*Your task:* Quote the listing below in full and exactly as written, but omit every picture.

== Information supplied ==

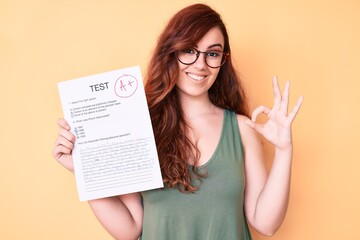 Young beautiful woman showing a passed exam doing ok sign with fingers, smiling friendly gesturing excellent symbol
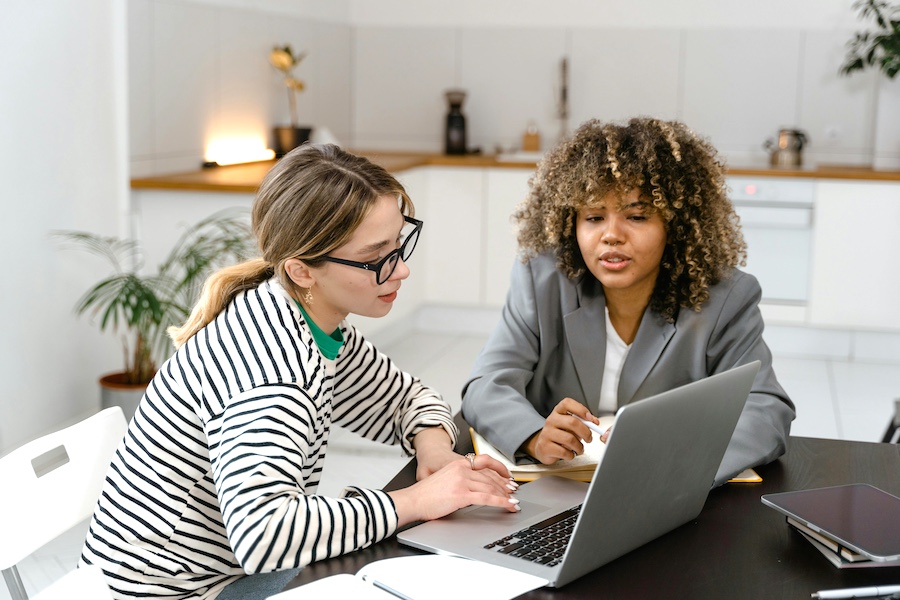 Two professional woman discussing information on a laptop.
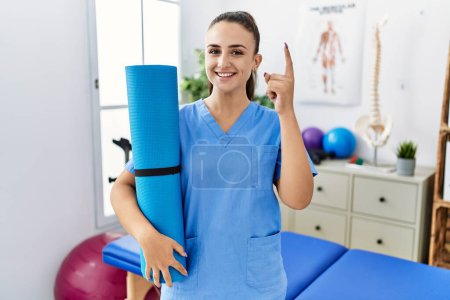 Photo for Young physiotherapist woman holding yoga mat surprised with an idea or question pointing finger with happy face, number one - Royalty Free Image
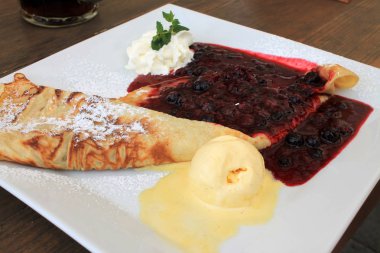 Vanilya dondurma reçel ve bir kare beyaz plaka üzerinde krema bir kepçe ile pancake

===

*Written response:*
 Young beautiful woman showing a passed exam doing ok sign with fingers, smiling friendly gesturing excellent symbol
 Two professional woman discussing information on a laptop.
 Photo for Young physiotherapist woman holding yoga mat surprised with an idea or question pointing finger with happy face, number one - Royalty Free Image
 Vanilya dondurma reçel ve bir kare beyaz plaka üzerinde krema bir kepçe ile pancake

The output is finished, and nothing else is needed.